Saving the national carrier - a rejoinder


Guwan Seeya has responded to my request to name a single active or retired pilot in Sri Lanka with a professional track record comparable to that of Carsten Sphor, Chairman, and CEO of Lufthansa. He has provided details of an edited example of a CV of an unnamed brother pilot. (‘Saving the national carrier’ - The Island of January 10, 2018).

Details of the edited CV provided contain decades of experience as a pilot, flight instructor, pilot trainer, aircraft accident investigator and work related to civil aviation authority. It is unclear if the Master of Technology qualification from Swinburne University in Australia was a degree course or one of those courses lasting a few weeks. Airline managerial experience is limited to Flight Operations, when pilots divide their time between a part-time desk job and minimum flying time to maintain their flying license.

The owner of the CV does not possess any experience in Finance, Human Resources (divisional and not limited to tech crew), Sales, Marketing, Engineering or any other discipline within or outside the airline industry.

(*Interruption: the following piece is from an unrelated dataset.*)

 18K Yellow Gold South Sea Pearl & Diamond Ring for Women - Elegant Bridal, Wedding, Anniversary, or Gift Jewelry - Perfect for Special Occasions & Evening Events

On the other hand, Sphor, having qualified and worked for several years as a pilot, gave up flying and completed a management training programme at Deutsche Aerospace AG. After that, he spent over 20 years in Central Recruitment, European Regional Partnerships, Alliances and Cooperations, Hub Management, Cabin Crew and HR Affairs and CEO of Lufthansa Cargo, before his promotion as Chairman of the Executive Board and CEO of Lufthansa AG.

I dare say, Sphor would not have been promoted to the top twin positions, had he not given up his flying career and received training, exposure and experience in other areas in the airline business.

The proof of the pudding is in the eating of it. Under Sphor’s Chairmanship and direction as CEO, Lufthansa turned in a net profit of Euro 1.78 billion (USD 1.90 billion) in 2016, up 4.6% from the previous year.

There are several ‘baked at home’ pilots with credentials similar to the edited example. One of them left for Singapore after being dismissed for failing to account for thousands of dollars in travel advances taken from Air Lanka. Another joined Singapore Airlines, failed a subsequent half yearly base check, returned home and rejoined SriLankan Airlines after the former Chairman, his school mate, waived the type rating costs applicable to others. Such types generally make disastrous corporate leaders.

Another ‘baked at home’ pilot operated an Air Ceylon flight to Singapore and joined another airline leaving the aircraft and passengers stranded, till another captain was flown from Colombo to operate the flight. Such are the credentials of the worthy, the ‘pilot lobby’, according to him, supposedly managed to ‘have appointed’ to head the national carrier in 1979.

Guwan Seeya points an accusing finger stating "The Administration could have groomed someone for the future. Whether they want to get involved is another story". Pilot remuneration at SriLankan Airlines range between USD 7,500 (beginners) and USD 12,000 (four bar captains) besides around USD 1,000 for meal / flying allowances, per month. At today’s exchange rate it would amount to approximately Rs 1.3 million to Rs 2 million per month, which is what our pilots earn. It does not include the hourly rate paid to pilots between taking off and landing. Would any pilot exchange his flying jacket to a full-time desk job in management earning around Rs 250,000 per month, and embark on a career as done by Sphor?

Ticket prices must essentially cover the cost of the end product. During the first seven years, the national carrier, with a well-trained cabin crew offered a product which could not be sustained with the airline’s cut rate ticket prices. It was compounded by some of the worst management practices. Many such practices as the infamous commission payments for two Tristar L1011-500 aircraft leased to British Airways can be found in the report of the Presidential Commission of Inquiry into the Affairs of Air Lanka Ltd., published in June 1987.

The commissioners recommended criminal proceedings against the Chairman, Board and several senior managers. Since the Board included two top bureaucrats of the day, the government decided to bury the commission report and did not prosecute.

It is not my intention to enter a protracted debate on the subject. Hence, I conclude this exchange with the above comments.